Supplied information START
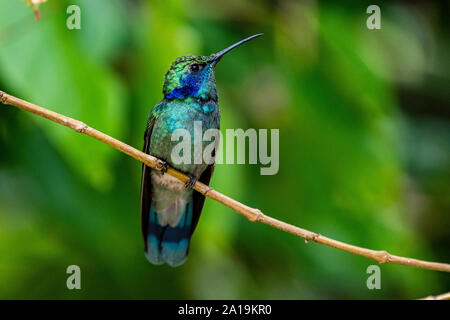 La minore violetear (Colibri cyanotus), noto anche come la montagna viola-orecchio, è di medie dimensioni, verde metallizzato hummingbird specie comunemente trovato ho Foto Stock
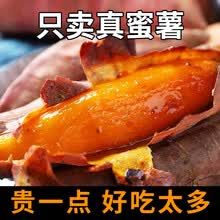 红薯新鲜农家番薯地瓜自种糖心蜜薯净重5斤单果三两 以上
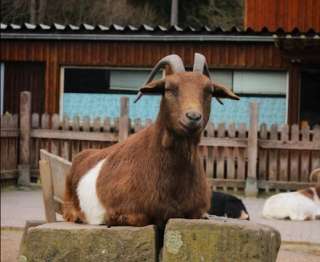 Streichelzoo Hohenstein Witten – Bild 1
Supplied information END
Your copy should hold all the data word for word. It should hold no pictures.

 La minore violetear (Colibri cyanotus), noto anche come la montagna viola-orecchio, è di medie dimensioni, verde metallizzato hummingbird specie comunemente trovato ho Foto Stock
 红薯新鲜农家番薯地瓜自种糖心蜜薯净重5斤单果三两 以上
 Streichelzoo Hohenstein Witten – Bild 1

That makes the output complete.